Mickey was revered by his fellow officers and, until that March, his departmental run-ins were focused on a series of minor infractions. He was late with his reports and occasionally insubordinate, though he seemed to have an instinct for how far he could push. He'd been the subject of two citizens' complaints: once for offensive language and once for excessive use of force. In both incidents the department investigated and found in his favor. Still, it didn't look good. His was an odd mix of the offbeat and the conventional. In his personal life, he was scrupulously honest about his taxes, his bills, his personal debts. He was loyal to his friends and discreet with regard to others. He also honored his commitments, except (apparently) to me. He would never violate a confidence, never rat out a pal or a fellow officer. Among men, he was esteemed. With women, he was regarded with an admiration bordering on hero worship. I know because I did this myself, elevating his nonconformity to something praiseworthy instead of faintly dangerous.

Looking back on it, I can see that I didn't want to know the truth about him. I had graduated from the police academy in April of 1971 and was hired by the Santa Teresa Police Department as soon as I turned twenty-one in May. I'd met Mickey the previous November, and I was dazzled by the image he projected: seasoned, gruff, cynical, wise. Within months we fell in love, and by August we were married, all of this before either of us understood what the other was about. Once committed, I was determined to see him as the man I wanted him to be. I needed to believe.

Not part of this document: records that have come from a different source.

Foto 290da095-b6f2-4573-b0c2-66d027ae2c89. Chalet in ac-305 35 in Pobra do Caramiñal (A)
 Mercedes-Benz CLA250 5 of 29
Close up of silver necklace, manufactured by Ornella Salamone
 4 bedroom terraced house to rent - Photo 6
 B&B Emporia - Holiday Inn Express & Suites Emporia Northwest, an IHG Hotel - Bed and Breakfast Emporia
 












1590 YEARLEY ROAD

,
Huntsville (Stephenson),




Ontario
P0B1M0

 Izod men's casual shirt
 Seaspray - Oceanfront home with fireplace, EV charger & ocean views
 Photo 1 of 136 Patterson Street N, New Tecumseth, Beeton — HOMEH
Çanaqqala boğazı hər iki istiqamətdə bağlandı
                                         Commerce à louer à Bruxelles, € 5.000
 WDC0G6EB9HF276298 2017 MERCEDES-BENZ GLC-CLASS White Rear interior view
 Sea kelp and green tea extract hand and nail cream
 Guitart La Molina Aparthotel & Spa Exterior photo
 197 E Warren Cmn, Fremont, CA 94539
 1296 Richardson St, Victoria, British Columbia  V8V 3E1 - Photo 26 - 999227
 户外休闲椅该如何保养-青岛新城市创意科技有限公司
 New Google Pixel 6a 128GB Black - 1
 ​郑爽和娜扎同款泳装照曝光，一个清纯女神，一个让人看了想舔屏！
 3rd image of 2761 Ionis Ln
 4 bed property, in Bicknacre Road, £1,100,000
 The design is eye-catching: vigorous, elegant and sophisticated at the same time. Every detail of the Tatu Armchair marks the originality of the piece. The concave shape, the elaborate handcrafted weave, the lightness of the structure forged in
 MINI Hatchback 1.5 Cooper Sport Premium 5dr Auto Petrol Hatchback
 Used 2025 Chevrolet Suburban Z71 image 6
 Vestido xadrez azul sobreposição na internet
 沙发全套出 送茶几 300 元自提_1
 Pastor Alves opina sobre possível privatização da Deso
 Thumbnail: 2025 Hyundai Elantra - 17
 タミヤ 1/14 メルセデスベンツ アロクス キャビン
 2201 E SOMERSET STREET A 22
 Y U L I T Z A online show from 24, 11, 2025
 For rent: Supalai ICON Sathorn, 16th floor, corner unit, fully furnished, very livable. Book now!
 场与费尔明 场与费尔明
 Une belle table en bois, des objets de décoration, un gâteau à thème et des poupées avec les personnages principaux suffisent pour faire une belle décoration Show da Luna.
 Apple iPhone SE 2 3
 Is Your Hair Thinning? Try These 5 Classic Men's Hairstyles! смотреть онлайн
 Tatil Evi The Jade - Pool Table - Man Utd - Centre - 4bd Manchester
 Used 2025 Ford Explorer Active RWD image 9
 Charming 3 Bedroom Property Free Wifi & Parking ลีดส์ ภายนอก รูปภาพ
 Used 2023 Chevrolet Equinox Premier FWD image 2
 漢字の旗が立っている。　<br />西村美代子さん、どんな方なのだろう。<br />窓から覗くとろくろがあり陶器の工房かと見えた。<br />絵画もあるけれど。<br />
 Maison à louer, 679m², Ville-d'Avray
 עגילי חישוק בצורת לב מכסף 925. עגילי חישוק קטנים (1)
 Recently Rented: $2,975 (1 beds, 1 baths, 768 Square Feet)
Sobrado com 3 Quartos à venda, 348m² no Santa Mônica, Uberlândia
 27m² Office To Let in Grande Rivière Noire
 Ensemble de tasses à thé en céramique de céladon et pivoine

I saw him as an idol, so I accepted his version of events even when common sense suggested he was slanting the facts.

In the fall of 1971, after Mickey was reassigned to burglary and theft, he developed what was euphemistically referred to as a "personality conflict" with Con Dolan, who headed crimes against property. Lieutenant Dolan was an autocrat and a stickler for regulations, which caused the two of them to clash time and time again. Their differences put an end to Mickey's hopes for advancement.

Six months later, in the spring of 1977, Mickey resigned from the department to avoid yet another tangle with Internal Affairs. He was, at that time, under investigation for voluntary manslaughter after he'd been involved in a bar dispute. His altercation with a transient named Benny Quintero resulted in the man's death. This was March 17, St. Patrick's Day, and Mickey was off duty, drinking at the Honky-Tonk with a bunch of buddies, who supported his account. He claimed the man was drunk and abusive and exhibited threatening behavior. Mickey removed him bodily to the parking lot, where the two engaged in a brief shoving match. To hear Mickey tell it, he'd pushed the guy around some, but only in response to the drunk's attack. Witnesses swore he hadn't landed any blows. Benny Quintero left the scene, and that was the last anyone reported seeing him until his body was discovered the next day, beaten and bloody, dumped by the side of Highway 154. Internal Affairs launched an investigation, and Mickey's attorney, Mark Bethel, advised him to keep his mouth shut. Since Mickey was the prime suspect, facing the possibility of criminal charges, Bethel was doing what he could to cover his backside. IA can coerce testimony but is forbidden to share findings with the DA's office. There could be serious consequences all the same. Given the overarching need for honest officers, the department was determined to pursue the matter. Mickey resigned in order to avoid questioning. If he hadn't left when he did, he'd have been fired anyway for his refusal to respond.